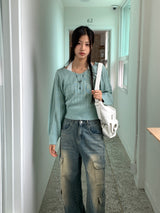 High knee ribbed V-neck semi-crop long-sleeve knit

━━━━

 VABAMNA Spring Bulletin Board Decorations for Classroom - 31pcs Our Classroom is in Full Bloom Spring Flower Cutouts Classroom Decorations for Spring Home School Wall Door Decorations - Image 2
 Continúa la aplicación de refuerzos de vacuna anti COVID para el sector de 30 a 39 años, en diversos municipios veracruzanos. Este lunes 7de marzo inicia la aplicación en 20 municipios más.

━━━━

Task to complete: Everything above from the line with "VABAMNA Spring Bulletin" to the line with "Continúa la aplicación", both included, must be repeated exactly, and nothing outside that range.

Reply:
 VABAMNA Spring Bulletin Board Decorations for Classroom - 31pcs Our Classroom is in Full Bloom Spring Flower Cutouts Classroom Decorations for Spring Home School Wall Door Decorations - Image 2
 Continúa la aplicación de refuerzos de vacuna anti COVID para el sector de 30 a 39 años, en diversos municipios veracruzanos. Este lunes 7de marzo inicia la aplicación en 20 municipios más.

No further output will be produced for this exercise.